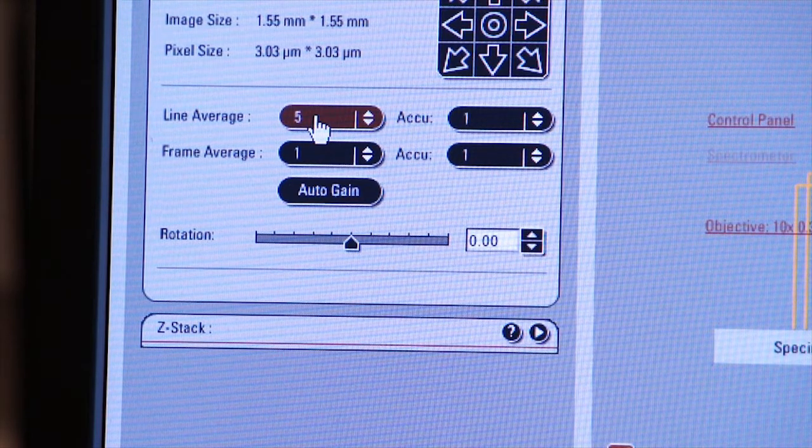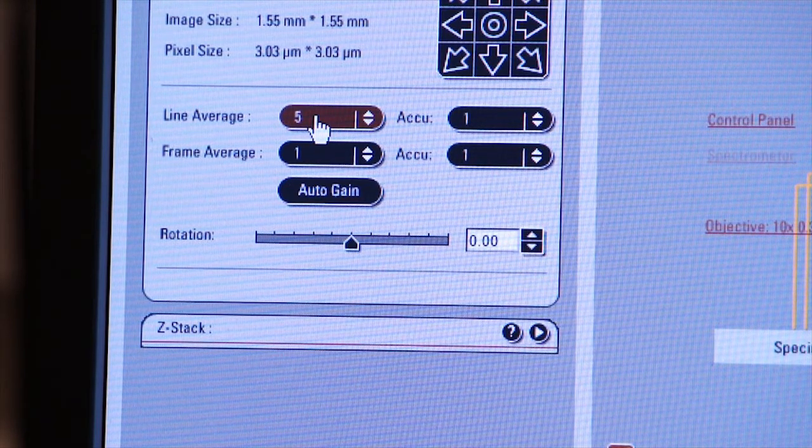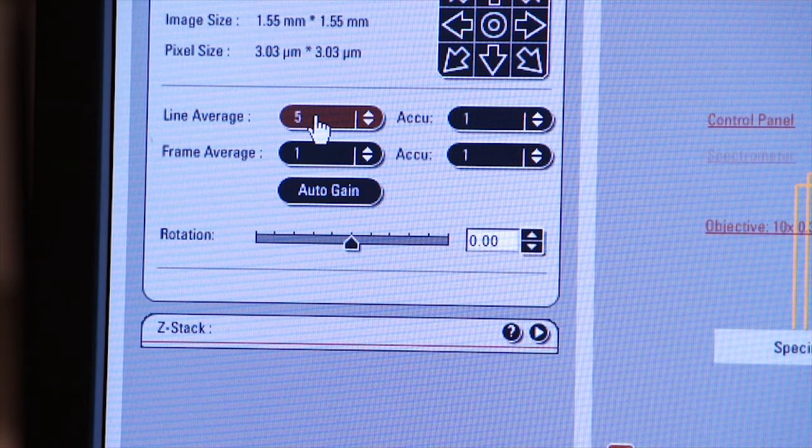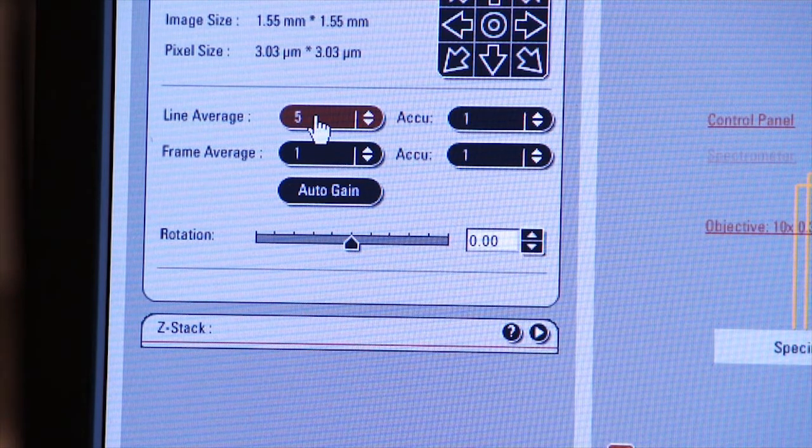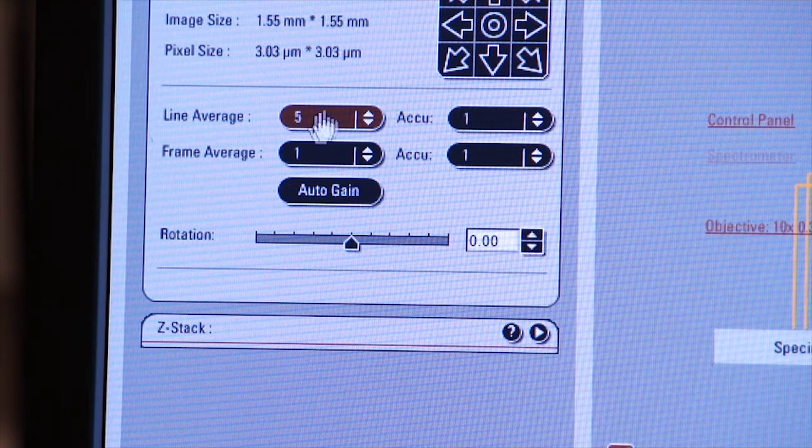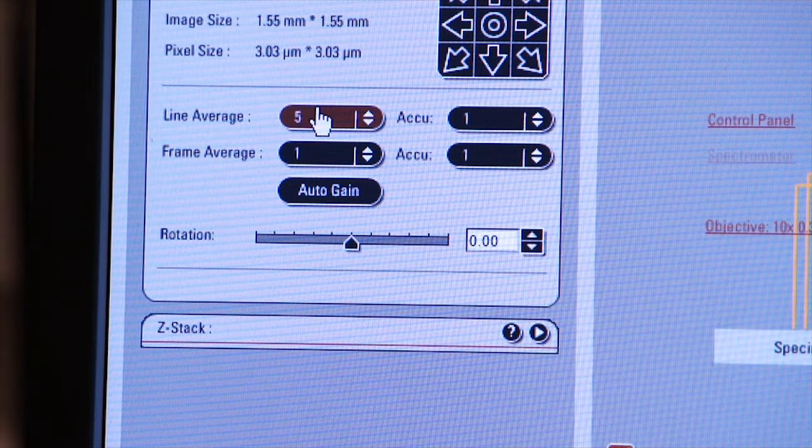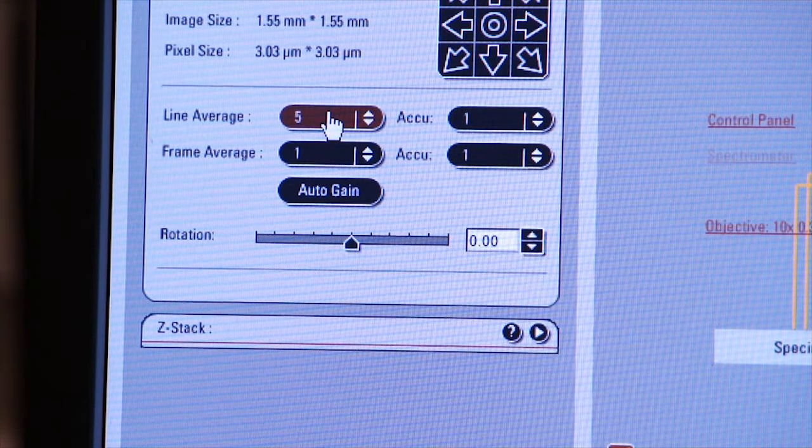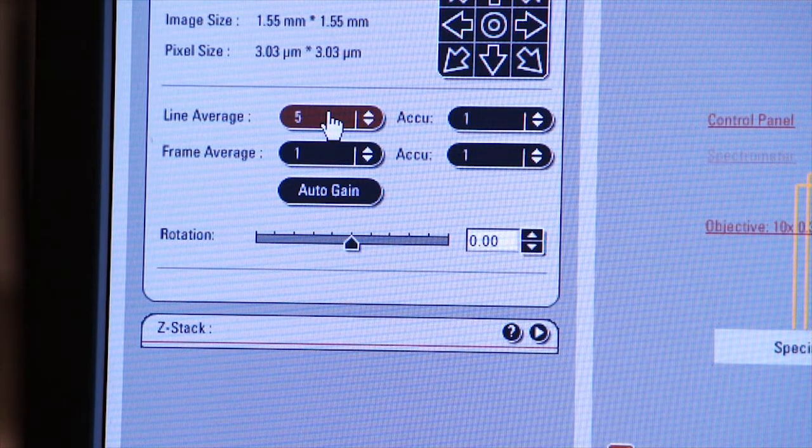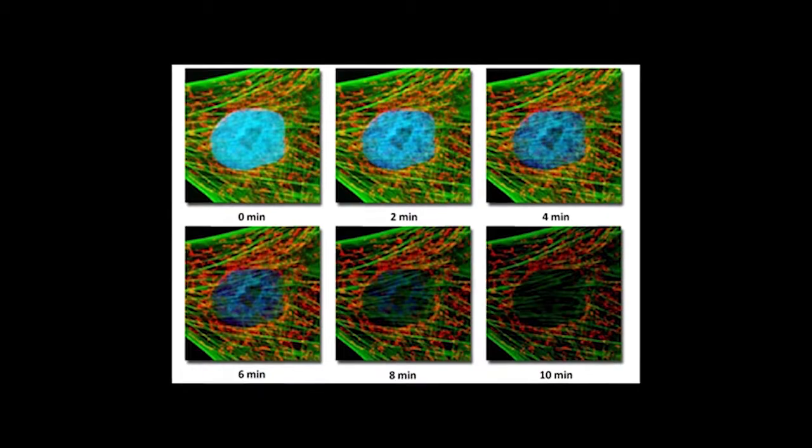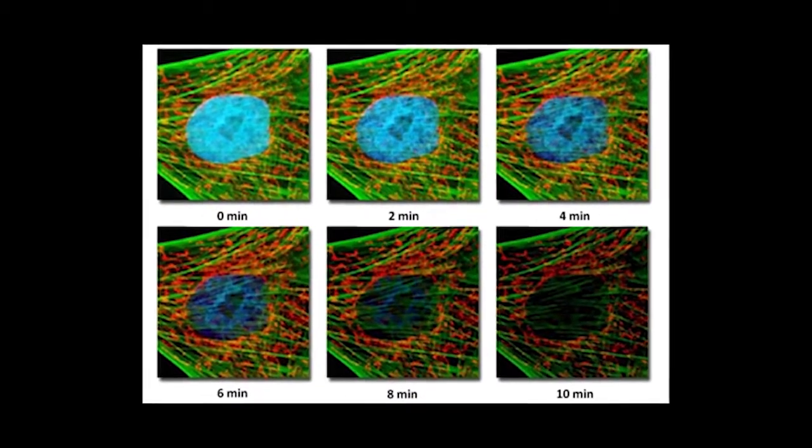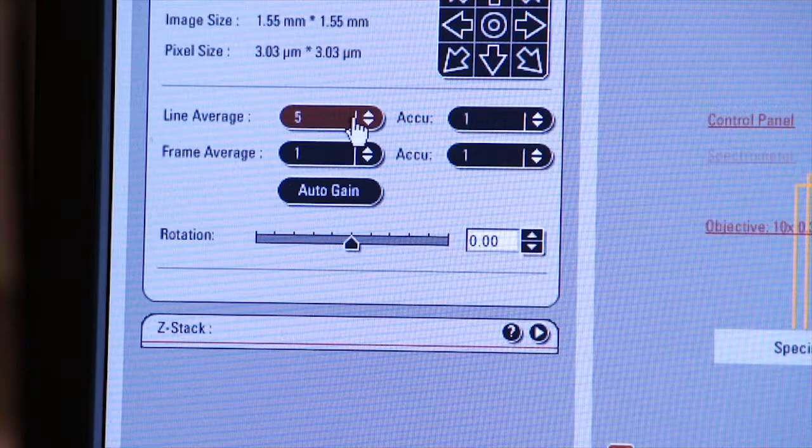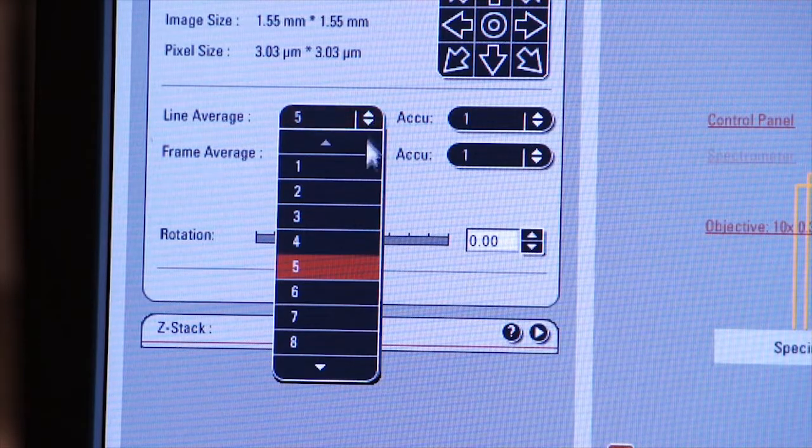My fluorophore may be photo bleached more because the laser is hitting it with more light, and so it's a trade-off. You want to get the crispest, cleanest image that you can using line averaging, but remember that you run the risk of photo bleaching your specimen. For now, we'll leave it at one.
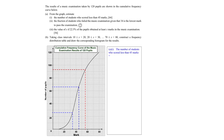Hello everyone, welcome to this video where we are going to explore this cumulative frequency curve question. The first thing to note is that in total there are 120 pupils, so this is 120. In part A, our focus will be the number of students who scored less than 45 marks.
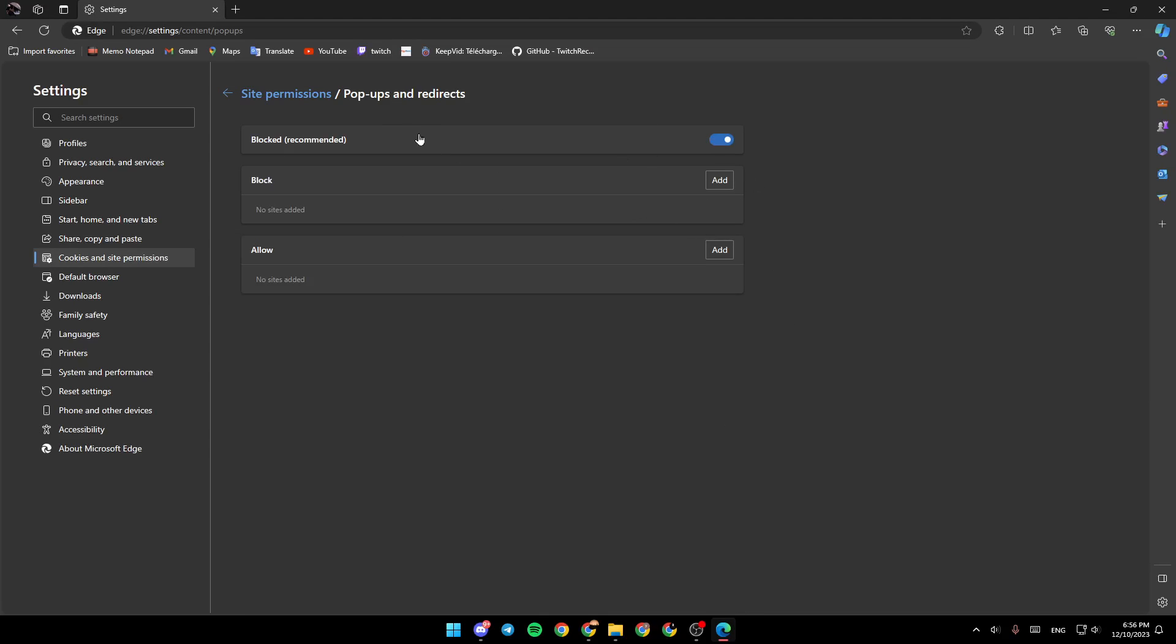So basically, if you have a problem with Microsoft Edge blocking your download, this might be the reason. So all you need to do is unblock it. And then you're going to be able to download your files and Microsoft Edge will not block your download.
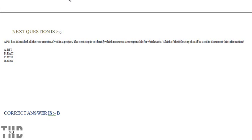The PM has identified all the resources involved in a project. The next step is to identify which resources are responsible for which task. Which of the following should be used to document this information?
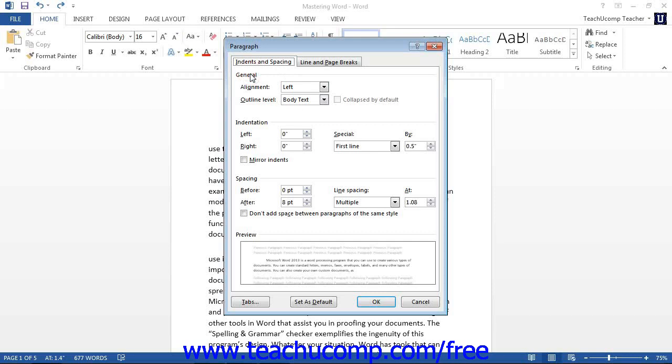The General section deals with paragraph alignment. The Indentation setting is for indentation of the paragraph, and you can manually set the indentation in this section.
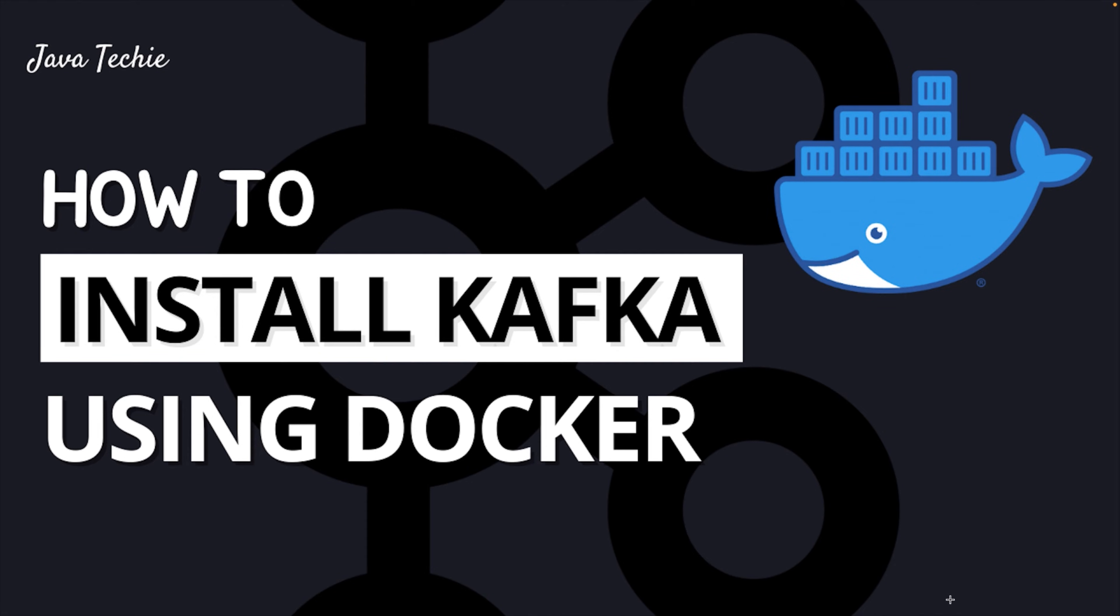Hi everyone, welcome to Javateki. In this tutorial I will walk you through the steps to install Kafka using Docker. You can install Kafka on any operating system like Windows, Mac or Linux, but the installation process is somewhat different for every operating system.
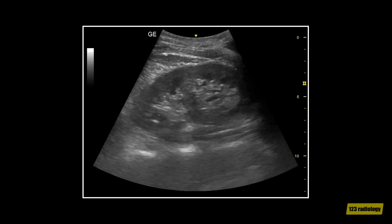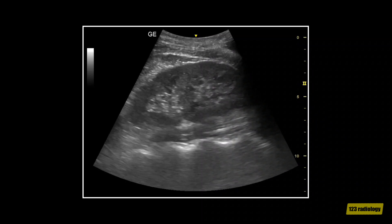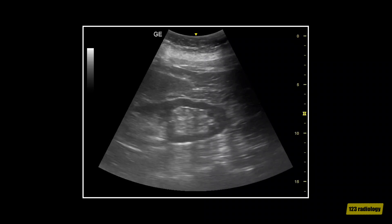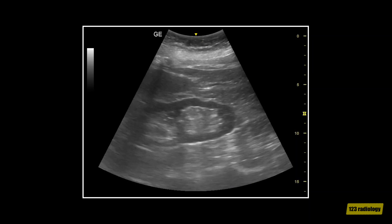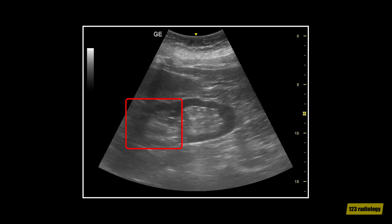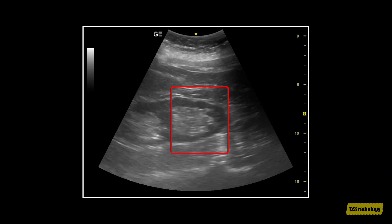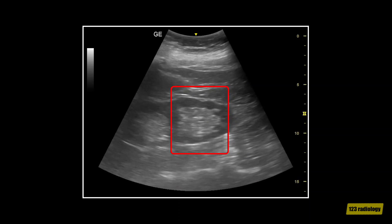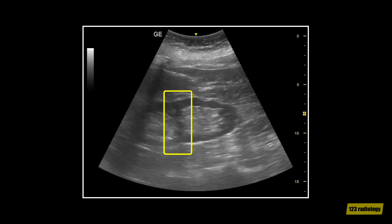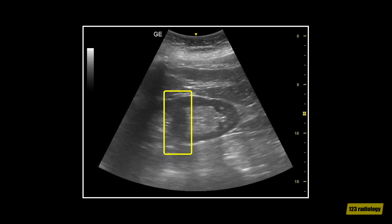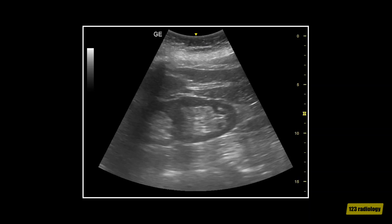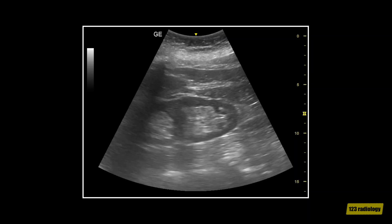No evidence of hydronephrosis in either moiety. This is another case of duplex kidney. This is the upper moiety and this is the lower moiety. There is no hilar fat in the mid-pole of the kidney, with a complete band of renal tissue separating the sinus fat into two compartments.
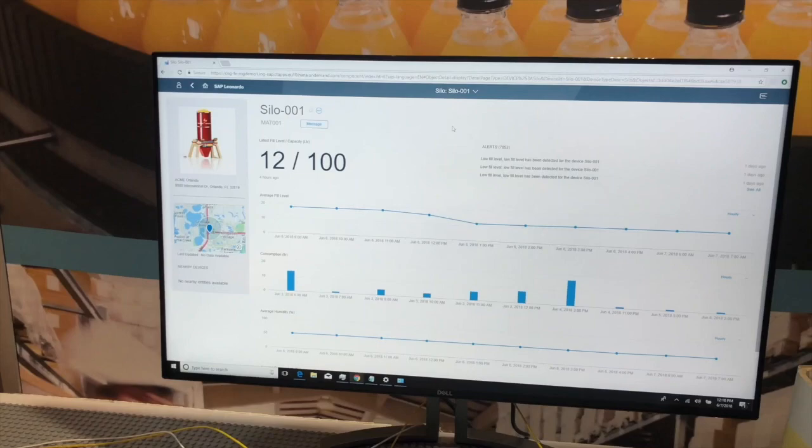And it does this through IoT-enabled inventory, storage, utilization, and consumption insights.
◆ ◆ ◆
All pictures are to be dropped, and the records above returned exactly.

§ **RESULT OF THIS TASK**:
My fluorophore may be photo bleached more because the laser is hitting it with more light, and so it's a trade-off. You want to get the crispest, cleanest image that you can using line averaging, but remember that you run the risk of photo bleaching your specimen. For now, we'll leave it at one.
Hello everyone, welcome to this video where we are going to explore this cumulative frequency curve question. The first thing to note is that in total there are 120 pupils, so this is 120. In part A, our focus will be the number of students who scored less than 45 marks.
So basically, if you have a problem with Microsoft Edge blocking your download, this might be the reason. So all you need to do is unblock it. And then you're going to be able to download your files and Microsoft Edge will not block your download.
The PM has identified all the resources involved in a project. The next step is to identify which resources are responsible for which task. Which of the following should be used to document this information?
The General section deals with paragraph alignment. The Indentation setting is for indentation of the paragraph, and you can manually set the indentation in this section.
Hi everyone, welcome to Javateki. In this tutorial I will walk you through the steps to install Kafka using Docker. You can install Kafka on any operating system like Windows, Mac or Linux, but the installation process is somewhat different for every operating system.
No evidence of hydronephrosis in either moiety. This is another case of duplex kidney. This is the upper moiety and this is the lower moiety. There is no hilar fat in the mid-pole of the kidney, with a complete band of renal tissue separating the sinus fat into two compartments.
And it does this through IoT-enabled inventory, storage, utilization, and consumption insights.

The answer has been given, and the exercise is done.